Cette idée de considérer la photo comme le message conforte le principe selon lequel la pancarte n’est plus le support porteur du discours, mais participe à son élaboration et possède la capacité de refléter et d’interpréter le réel tout en montrant un découpage opéré de la situation décrite[3]. Mes analyses expliquent, justement, cette fusion entre les niveaux de description de la pancarte que j’examine à travers les différentes manifestations du DR dans les titres qui suivent.

Analyse du corpus

Je propose, dans cette section dédiée à l’analyse du corpus, de travailler sur deux plans. Le premier vise à étudier la pancarte comme modalité du discours rapporté. Dans ce sens, je décrirai le fonctionnement énonciatif de la pancarte et sa mise en genre, en l’occurrence, dans le technographisme. Le second étudie le discours véhiculé par la pancarte afin de repérer quelques marqueurs comme les vocables et les sources énonciatives identifiées définissant le DR.

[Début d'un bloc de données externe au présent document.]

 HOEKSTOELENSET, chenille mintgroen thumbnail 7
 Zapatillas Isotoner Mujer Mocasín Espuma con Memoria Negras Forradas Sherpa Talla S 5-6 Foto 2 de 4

L’évènement à travers les pancartes

Le hirak est diffusé sur les réseaux sociaux. Au moment où il est vécu dans la rue, il constitue aussi une révolution relayée et médiatisée par les réseaux sociaux numériques. Les marches hebdomadaires sont diffusées, précisément sur Facebook et Youtube. Les pancartes comme outil  permettant aux images photographiques de côtoyer les discours des manifestant·es (Maarif, 2020). Elles sont aussi des outils permettant de montrer la circulation de différents langages et de mettre en relief une « rhétorique du hirak » (Ouaras, 2020) à travers les mots d’ordre. La décrédibilisation et la réhabilitation de l’ethos du journaliste algérien ont été également étudiées à travers des slogans du hirak médiés par les réseaux sociaux numériques (Chachou, 2022). Enfin, la pancarte a servi la circulation du discours humoristique (Bouizar, Benkara, 2021) et constitue le terrain à travers lequel s’exerce la créativité linguistique des manifestant·e·s algérien·ne·s (Sayad, 2020, Adouane et al., 2020)[4].

La pancarte numérique : particularités d’un genre et fonctionnement du DR

La pancarte peut apparaître, dans un rapport métonymique avec le corps des manifestant·e·s, avec les doigts, les mains, le visage entièrement ou en partie caché ou apparent. On peut trouver plusieurs variantes : plusieurs porteur·euse·s de pancarte, locuteur·trice·s assis·es ou debout (exemple 4), regardant l’objectif ou se mettant de dos (exemple 6), utilisant le carton ou le papier[5].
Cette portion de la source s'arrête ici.